PROBLEM STATEMENT
For this exercise, retype all the data exactly and exclude every image.

RECORDED DATA
= Beginning of Section =

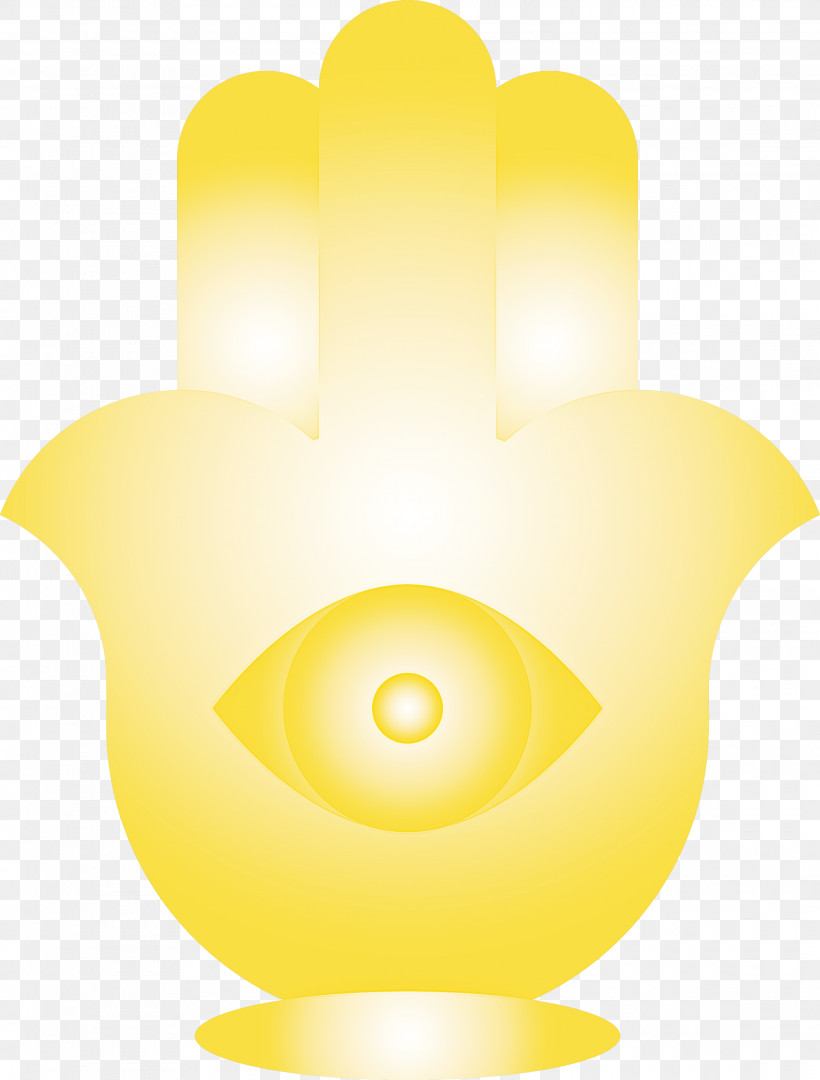 Vision Jew, PNG, 2275x2999px, Vision Jew, Candle, Yellow Download Free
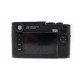 Leica M10-P Rangefinder Digital Camera (Black) BRAND NEW M10p Mp10
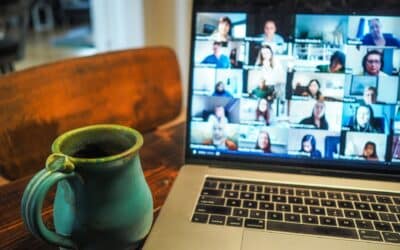 Virtual Magic Shows: The Complete Guide to Online Magical Entertainment
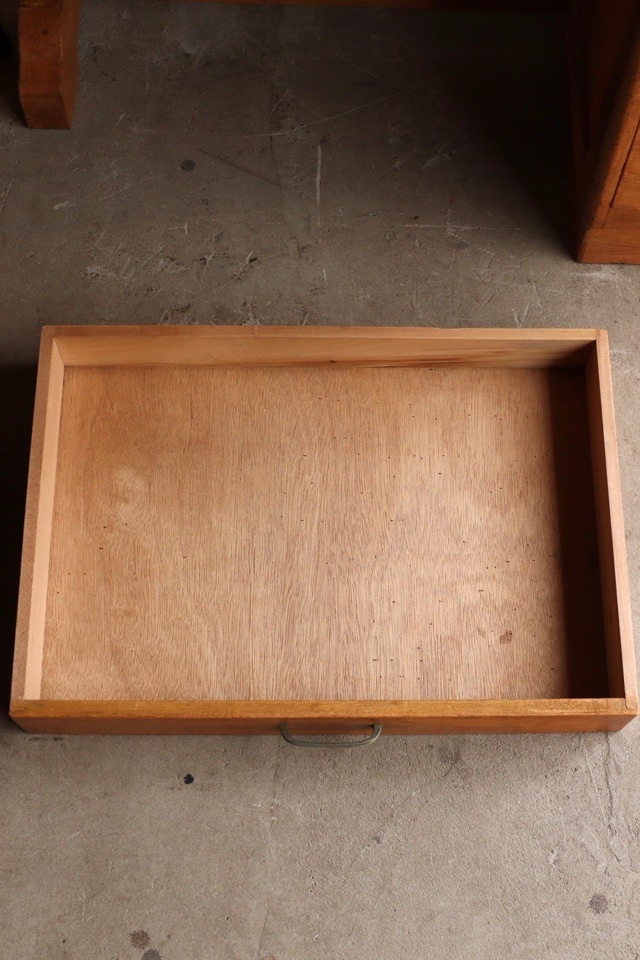 片袖机 | 全ての商品 - 古家具古道具 そうすけ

= End of Section =

PROBLEM SOLUTION
 Vision Jew, PNG, 2275x2999px, Vision Jew, Candle, Yellow Download Free
 Leica M10-P Rangefinder Digital Camera (Black) BRAND NEW M10p Mp10
 Virtual Magic Shows: The Complete Guide to Online Magical Entertainment
 片袖机 | 全ての商品 - 古家具古道具 そうすけ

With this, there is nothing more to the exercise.